Did your ads even run?

Did your ads even run?

While everyone else is distracted by supply chain transparency studies, scary MFA sites, and reducing carbon footprint of their media buying, there's something more basic and easy to look for that will save you money and make your digital campaigns more effective.


Did your ads serve?

Are you surprised by the question? Did you assume that all the billions of ad impressions you paid for actually ran -- i.e. arrived in the device and got rendered on screen? If you've studied ad fraud as long as I have (11 years) you will remember cases like the Uber lawsuit where they discovered that the mobile exchanges committing fraud had fabricated all the log level data, without actually running any ads.
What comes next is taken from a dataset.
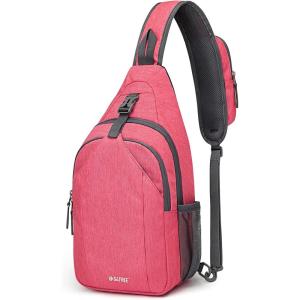 imageG4Free Sling Bag RFID Blocking Sling Backpack Crossbody Chest Bag Daypack for Hiking TravelBlackRed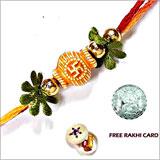 Send Ethnic Swastik Rakhi with Free Silver Coin to Usa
Surprised? Don't be. That's what fraudsters do.

How do you check for this yourself?

Years ago, I advised clients to simply compare the quantities of ad impressions reported by their DSP (ad buying platform) to the quantities reported by their ad server. Most of you will remember the 2 slides below, where the drop-offs between bids won, ads served, and ads displayed add up to 1/4 to 1/3 of the total. Advertisers pay when they win the bids. There's no guarantee that the ads successfully got served by the ad server. And further, there's no guarantee that the ad arrived in the device in time and got rendered on screen. So ad buyers regularly get LESS than what they paid for, sometimes 1/4 to 1/3 less.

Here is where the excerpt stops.